Customer: my roof is leaking after the storm
Severity (1-5): {gen("severity", regex=r"[1-5]")}
Department: {select(["roofing", "general", "emergency"], name="dept")}
"""
print(lm["severity"], lm["dept"])The Money Pattern
Combine \`gen\` with regex and \`select\` from a literal list, and you've replaced an entire validation layer. No retries, no Pydantic catch blocks, no "the model returned malformed JSON" Slack pings at 2am.

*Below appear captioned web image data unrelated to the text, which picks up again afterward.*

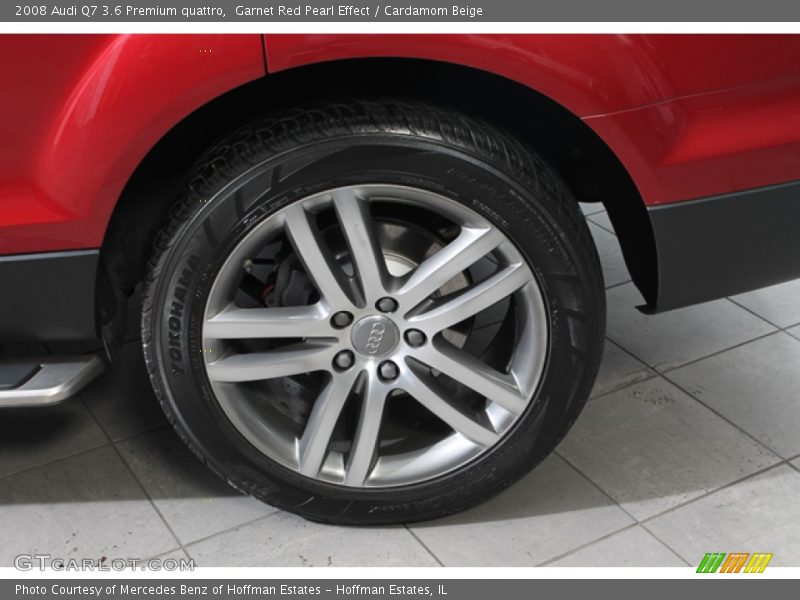 Garnet Red Pearl Effect / Cardamom Beige 2008 Audi Q7 3.6 Premium quattro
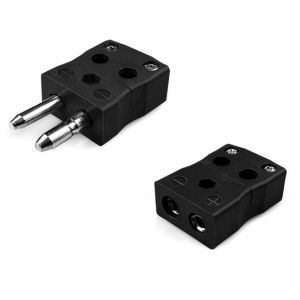 Standard Quick Wire Thermocouple Connector Plug & Socket AS-J-MQ+FQ Type J ANSI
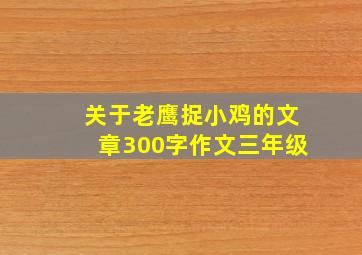 关于老鹰捉小鸡的文章300字作文三年级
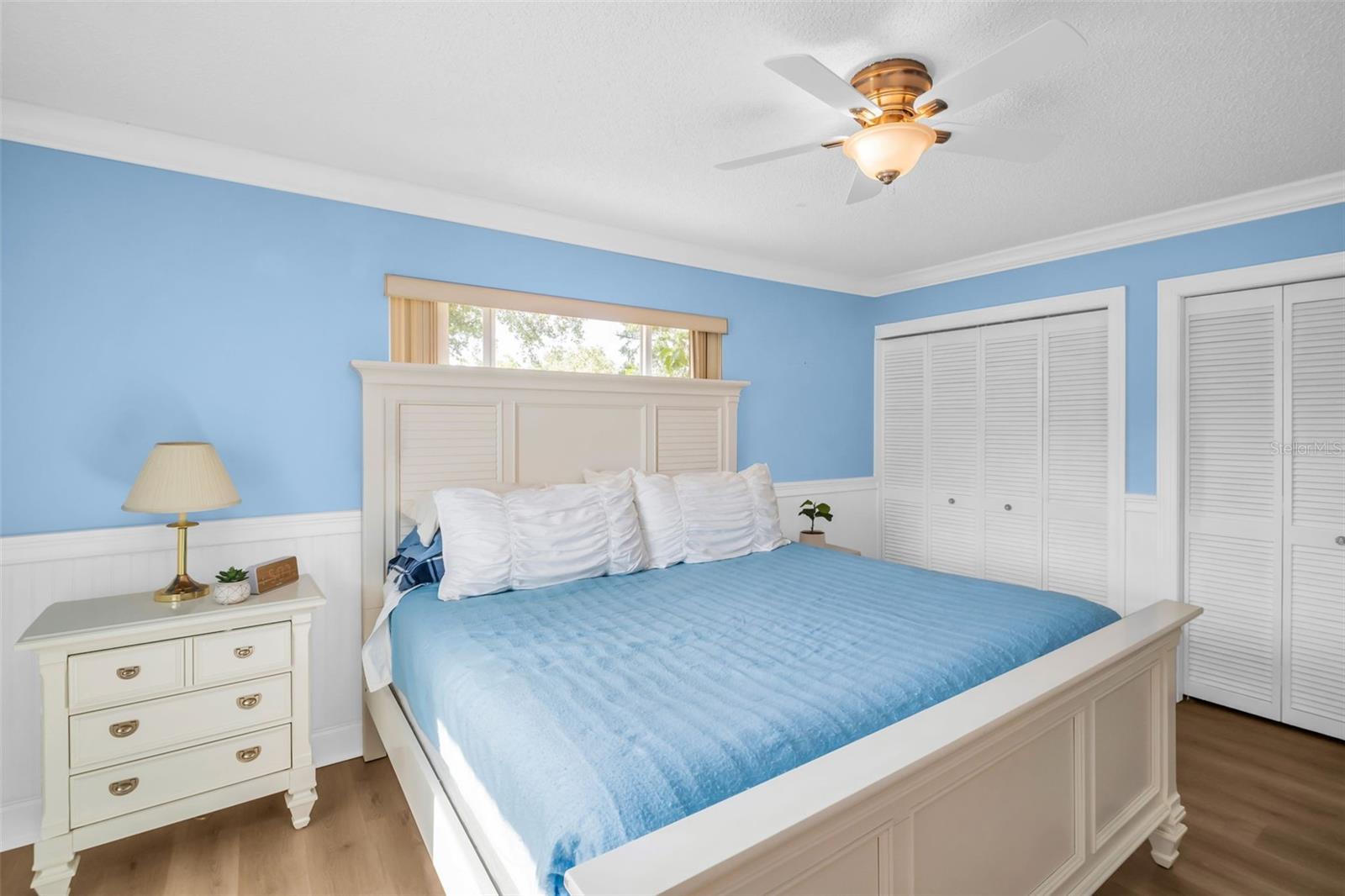 Large dual closets~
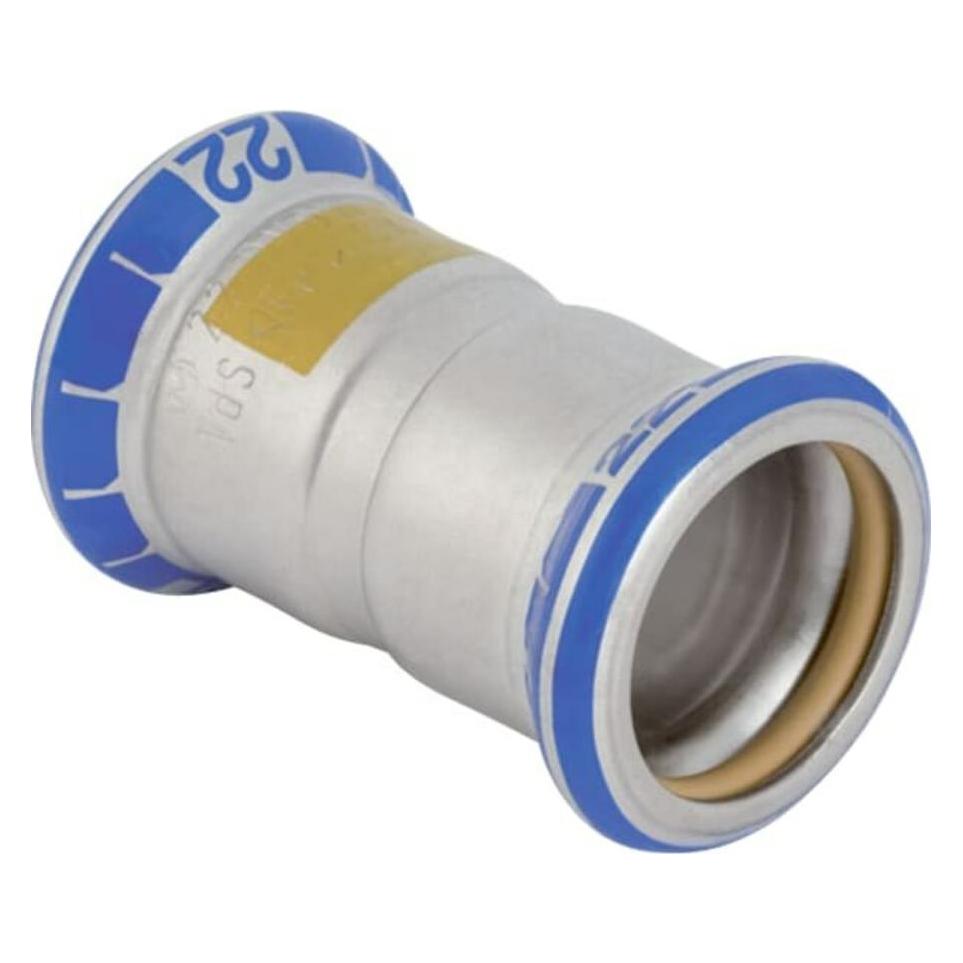 Geberit Gas-Muffe Mapress d 28mm, f Natur- u. Fl.-Gas, Edelstahl (Pressverbindung) (67973298)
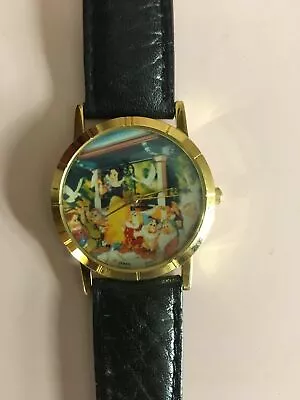 Buy Disney Snow White Watch Lladro Special Edition 1995 Black Band, No Box. Not Used • 92.90£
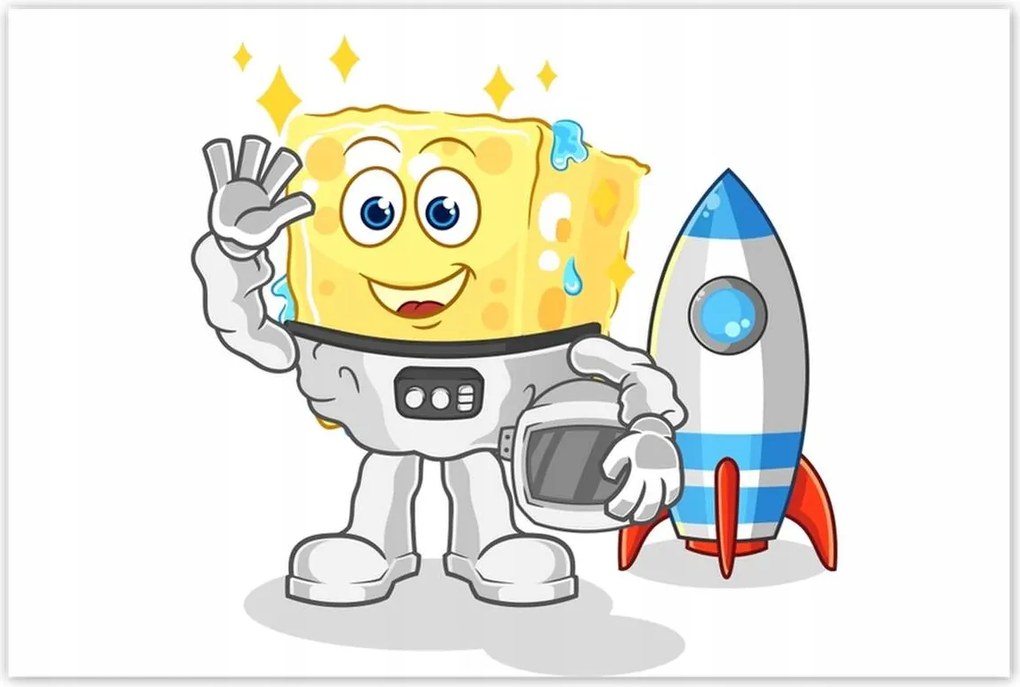 Poszterek 120x80 Szögletes szivacsember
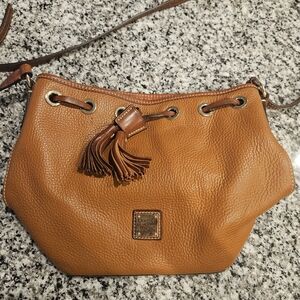 Dooney & Bourke Tan Leather Bucket Women's Shoulder Bag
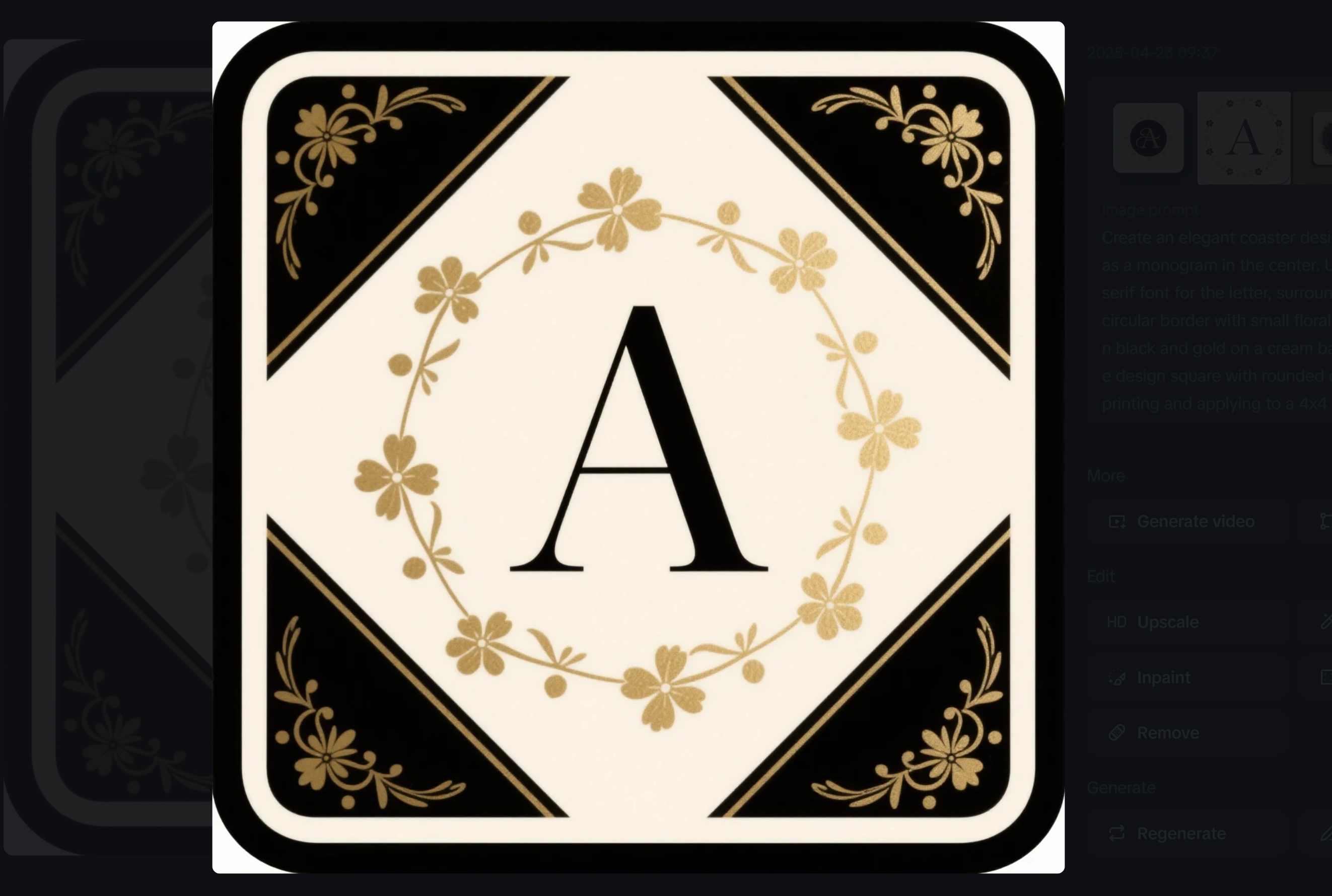 Monogram coasters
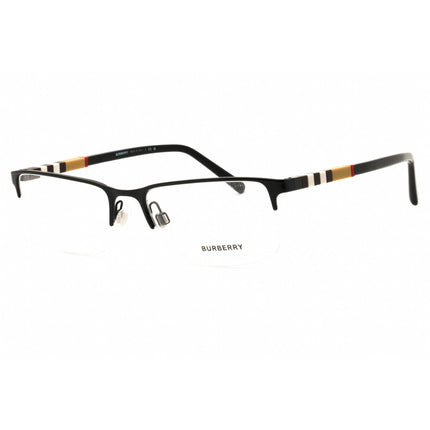 Burberry Men's Eyeglasses - Black Metal Rectangular Shape Half Rim Frame | BE1282 1001 ,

from guidance import gen, select, one_or_more
@guidance
def claim_form(lm, transcript: str):
lm += f"Transcript: {transcript}
"
lm += f"Postcode: {gen('postcode', regex=r'[0-9]{4}')}
"
lm += f"Damage: {select(['hail', 'wind', 'flood', 'fire'], name='damage')}
"
lm += f"Notes: {gen('notes', max_tokens=80, stop='\n')}"
return lm
result = llm + claim_form("caller at 4870, hail, garage shed flattened")The Catch
Guidance needs logit access — that means a local model or a provider that exposes logprobs. OpenAI and Anthropic don't give you the token-mask hook, so this is a llama.cpp / Transformers / vLLM play. On hosted APIs you're stuck with retry loops.
The Verdict
If you're running local models — which on an M4 Mac is finally pleasant — Guidance is the difference between a flaky JSON pipeline and a deterministic one. Pair it with Pydantic for typing on the outside and you've got a bulletproof extractor. Quietly essential.